No matter. There is a chance, one last chance, to save the Labour Party. There is much talk about “the battle for Labour’s soul”, as though it were a new development, a dramatic plot twist in the final chapter of the party’s story. In fact, Labour has been fighting over what it means to be Labour for as long as there has been a Labour Party. That struggle has played out between left and right, unilateralists and multilateralists, pragmatists and ideologues.
The contest on which Labour is embarking is different because, after 116 years, these disputes will finally be settled. Labour will decide to stay true to its mission of parliamentary socialism or to enshrine Corbynism and become a mass-membership protest movement.
Neither option is ignoble; politics needs its lawmakers and its banner-makers alike. But a political party cannot be both. There must be a choice and it is time to choose. One vision of Labour will win, and keep the party; the other will be defeated and will have to organise its aims and principles around a new organisation. Those are the stakes in this election.
That is why the centrist pressure group Progress is urging those of like mind to register as Labour supporters before 5pm on Wednesday, at a cost of £25. This will guarantee a vote in the leadership ballot and the opportunity to replace Jeremy Corbyn. Only vulgar commerce can save the Labour Party now.
And saving it desperately needs. The Corbynistas have degraded the world’s foremost social democratic party. They have trashed its bold and progressive record in government between 1997 and 2010. They have stood by as its ranks swell with anti-Semites, misogynists, paranoids, terrorist-sympathisers, and thugs. They have installed and propped up a leader who shares platforms with extremists committed to violence and a terror war against Israel and the West. They have set back centre-left politics in Britain by decades, perhaps generations.
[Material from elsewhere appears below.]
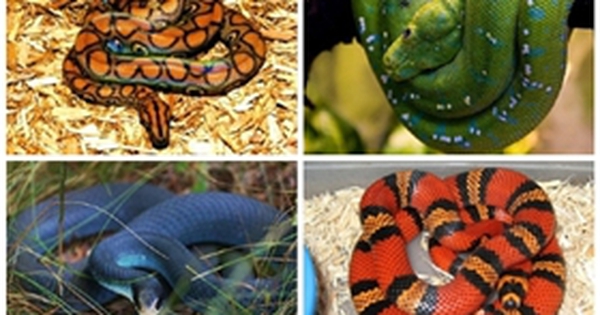 10 loài rắn đẹp nhất hành tinh - Kenh14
When the US Democrats lurched to the left at the height of the counter-culture, they became in the assessment of one Democrat senator the party of “acid, amnesty and abortion”. Labour has become the party of Jeremy, John, and jihad.
Mainstream Labour — soft-left and centre alike — does not escape censure. Since the departure of Tony Blair, Labour has failed to renew itself and redefine progressive politics for a changing world. Every now and then a guru will come bearing buzzwords: Blue Labour, Purple Labour, predistribution. Wine and cheese down the IPPR, an op-ed in The Guardian, and never heard from again. Labour has lacked a policy spine for a decade now and on the off-chance it happened upon one would struggle to sell it to anyone living more than a mile from a Pret a Manger.
Labour needs a revolution, just not the one Corbyn offers.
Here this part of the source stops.